I have not yet determined if this is a project that feels necessary and important because it is some elaborate, unconscious scheme cooked up by my brain to procrastinate. Why work on your book manuscript? Why finish this fall’s syllabus? There are signs to learn! And really. There is absolutely no reason for me to learn sign language. When I mentioned the project to Danny and Boots, both immediately asked “Do you know anyone who is hearing impaired?” And I had to admit that I don’t.
Stupid practical people and their questions.
But by now, I think I’m onto my brain and its hare… well… hare-brained schemes to distract me from the task at hand. Reorganizing the pantry and alphabetizing the spices? Pure distraction. Very useful, of course, when I decide to put off important to-dos to bake an out-of-season pumpkin pie and discover that I’ve misplaced the nutmeg. A sudden urge to read the entire corpus of John Updike? Noble, perhaps, but best tackled in those moments of leisure reading before bedtime. Indexing and scanning old photographs, putting together the Ultimate Neil Diamond Playlist, browsing for new throw pillows online — all fluff, and best avoided.
The sign language thing feels different, in part because I’ve been interested in learning to interpret for a few years now. I remember watching an interpreter sign during Mass when I was in elementary school and, later, learning from the Catholic chaplain at American, who also worked at Gallaudet, how systems of sign language vary in different parts of the world. Logical but also somehow unexpected. And just last year, during a campus visit, a committee member asked me about connections between the gestural vocabulary of sign language and the nineteenth-century theories of children’s language acquisition I describe and analyze in my dissertation. (I promise — more interesting than it sounds. Well, interesting to me, anyway.)
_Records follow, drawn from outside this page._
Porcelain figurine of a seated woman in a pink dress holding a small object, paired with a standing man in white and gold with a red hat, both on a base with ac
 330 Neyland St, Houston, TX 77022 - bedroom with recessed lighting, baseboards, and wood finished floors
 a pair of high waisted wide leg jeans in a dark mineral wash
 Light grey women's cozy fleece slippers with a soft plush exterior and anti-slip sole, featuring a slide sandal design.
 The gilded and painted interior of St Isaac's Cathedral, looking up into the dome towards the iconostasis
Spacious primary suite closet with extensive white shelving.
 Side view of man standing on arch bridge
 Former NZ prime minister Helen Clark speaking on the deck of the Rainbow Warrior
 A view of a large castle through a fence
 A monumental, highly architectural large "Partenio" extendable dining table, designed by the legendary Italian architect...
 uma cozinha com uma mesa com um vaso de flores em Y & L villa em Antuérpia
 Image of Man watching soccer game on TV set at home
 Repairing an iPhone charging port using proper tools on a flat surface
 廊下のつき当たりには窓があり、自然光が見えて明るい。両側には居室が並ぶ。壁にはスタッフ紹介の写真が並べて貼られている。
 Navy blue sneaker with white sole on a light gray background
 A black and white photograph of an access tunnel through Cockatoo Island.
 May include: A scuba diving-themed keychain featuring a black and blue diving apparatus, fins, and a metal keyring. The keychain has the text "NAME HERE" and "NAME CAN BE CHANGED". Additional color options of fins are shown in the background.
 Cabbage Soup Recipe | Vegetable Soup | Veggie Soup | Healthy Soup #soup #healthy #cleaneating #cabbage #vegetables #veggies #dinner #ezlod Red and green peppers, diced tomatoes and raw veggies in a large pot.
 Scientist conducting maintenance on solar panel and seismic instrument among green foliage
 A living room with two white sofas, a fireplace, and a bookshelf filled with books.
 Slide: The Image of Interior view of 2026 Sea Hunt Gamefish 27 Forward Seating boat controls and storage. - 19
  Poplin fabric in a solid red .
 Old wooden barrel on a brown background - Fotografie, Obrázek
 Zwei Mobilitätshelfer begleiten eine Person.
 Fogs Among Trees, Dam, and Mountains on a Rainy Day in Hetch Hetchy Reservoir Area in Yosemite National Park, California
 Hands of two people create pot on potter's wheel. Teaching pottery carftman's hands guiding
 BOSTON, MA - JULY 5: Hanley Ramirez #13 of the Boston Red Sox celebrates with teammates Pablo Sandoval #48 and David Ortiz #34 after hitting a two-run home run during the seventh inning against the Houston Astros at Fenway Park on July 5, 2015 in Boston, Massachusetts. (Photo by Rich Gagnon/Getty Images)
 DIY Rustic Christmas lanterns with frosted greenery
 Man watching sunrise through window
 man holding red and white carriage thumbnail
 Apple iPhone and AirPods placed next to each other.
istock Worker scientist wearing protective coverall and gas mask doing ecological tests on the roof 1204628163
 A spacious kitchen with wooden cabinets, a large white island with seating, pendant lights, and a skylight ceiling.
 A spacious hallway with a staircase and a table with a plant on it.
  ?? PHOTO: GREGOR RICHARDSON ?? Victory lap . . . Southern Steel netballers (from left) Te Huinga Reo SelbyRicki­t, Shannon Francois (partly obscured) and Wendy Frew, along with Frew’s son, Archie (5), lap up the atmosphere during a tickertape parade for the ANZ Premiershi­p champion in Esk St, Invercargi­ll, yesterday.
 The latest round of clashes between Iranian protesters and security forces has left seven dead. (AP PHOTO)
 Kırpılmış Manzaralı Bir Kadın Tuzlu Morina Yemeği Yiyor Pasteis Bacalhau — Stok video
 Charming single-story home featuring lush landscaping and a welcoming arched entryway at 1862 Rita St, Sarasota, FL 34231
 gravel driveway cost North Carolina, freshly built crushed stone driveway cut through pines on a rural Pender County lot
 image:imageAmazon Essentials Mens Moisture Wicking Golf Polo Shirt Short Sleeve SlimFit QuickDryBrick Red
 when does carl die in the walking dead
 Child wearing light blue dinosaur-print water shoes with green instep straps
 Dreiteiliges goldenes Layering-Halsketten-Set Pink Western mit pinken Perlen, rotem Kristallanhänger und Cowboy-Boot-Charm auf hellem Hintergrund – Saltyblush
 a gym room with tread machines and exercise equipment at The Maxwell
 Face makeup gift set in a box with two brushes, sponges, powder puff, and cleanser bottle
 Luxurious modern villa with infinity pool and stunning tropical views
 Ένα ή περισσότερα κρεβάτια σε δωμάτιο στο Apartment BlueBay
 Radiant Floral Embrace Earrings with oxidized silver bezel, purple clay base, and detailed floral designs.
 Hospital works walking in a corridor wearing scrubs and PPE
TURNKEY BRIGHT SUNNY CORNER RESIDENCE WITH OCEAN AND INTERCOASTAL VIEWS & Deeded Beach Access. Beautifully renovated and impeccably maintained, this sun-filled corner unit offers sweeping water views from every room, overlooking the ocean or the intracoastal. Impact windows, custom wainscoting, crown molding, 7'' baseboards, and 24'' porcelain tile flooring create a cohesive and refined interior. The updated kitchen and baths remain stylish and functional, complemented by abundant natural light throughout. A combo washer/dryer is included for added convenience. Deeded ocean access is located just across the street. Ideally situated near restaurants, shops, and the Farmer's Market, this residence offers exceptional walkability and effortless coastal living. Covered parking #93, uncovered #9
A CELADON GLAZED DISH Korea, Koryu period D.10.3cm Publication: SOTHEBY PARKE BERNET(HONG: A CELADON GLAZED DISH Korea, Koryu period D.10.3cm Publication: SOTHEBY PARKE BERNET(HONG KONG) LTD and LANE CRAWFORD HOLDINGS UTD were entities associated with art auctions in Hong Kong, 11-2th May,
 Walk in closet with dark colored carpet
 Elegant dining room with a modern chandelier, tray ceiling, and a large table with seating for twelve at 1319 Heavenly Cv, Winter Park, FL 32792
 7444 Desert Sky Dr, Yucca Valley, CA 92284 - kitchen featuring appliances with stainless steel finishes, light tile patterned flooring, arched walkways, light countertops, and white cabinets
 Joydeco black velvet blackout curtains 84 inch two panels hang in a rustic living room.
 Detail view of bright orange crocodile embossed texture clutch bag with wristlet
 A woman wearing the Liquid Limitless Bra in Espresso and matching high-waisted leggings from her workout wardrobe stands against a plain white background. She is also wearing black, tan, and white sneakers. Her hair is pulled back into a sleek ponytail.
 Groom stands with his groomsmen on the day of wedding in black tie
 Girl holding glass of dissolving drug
I had a more nuanced and complicated answer to that committee member’s question than I expected to have. Maybe this is something I should be looking into? Living in Texas, learning Spanish might be handier on a day-to-day basis. Teaching composition at Rice, I’ve found that a working knowledge of Korean would be useful. But I refuse to admit that learning ASL would be a useless endeavor.
I just don’t know why it might be important. At this moment in my professional development it’s unwise to take on a substantial project like this without a rationale. My argument that learning to sign would put me in a position to volunteer my time with the hearing impaired collapsed a little when I realized (a) how complicated this truly is and (b) how many qualified individuals with a degree in deaf culture would be willing and able to fill any volunteer opportunities that interest me. Sigh.
Also, learning to sign is more expensive than I anticipated. I haven’t done exhaustive research on learning ASL in Houston, but it’s not cheap. No classes at Rice, as far as I can tell. A local community college offers courses in deaf culture and interpretation, as does a nearby leisure learning program, but the website of the latter leaves me a little disenchanted, and both, obviously, require tuition of some sort. A significant investment of my time and money. I should be able to complete the sentence, “I’m learning ASL because…”
So why is it that I feel like I need — not want — to learn? Time and money seem small beans when I think about the ability to speak with a quick, fluid movement of the fingers. I don’t buy into the idea that my small, everyday decisions are subject to a larger plan, but some weird, unfamiliar and probably sentimental side of me wonders if this inclination, this tug is something that could end up being important in my life. Everything is so unresolved right now. I am not in hiatus. I am hiatus. Who am I to dismiss any even remotely viable impulse?
Of course, now I’ve made this a Big Deal on the blog. Perhaps, after letting the idea marinate for just a while longer, it will lose some of its buzzing urgency.
Or maybe I just need a partner in crime. A partner in sign? Volunteers?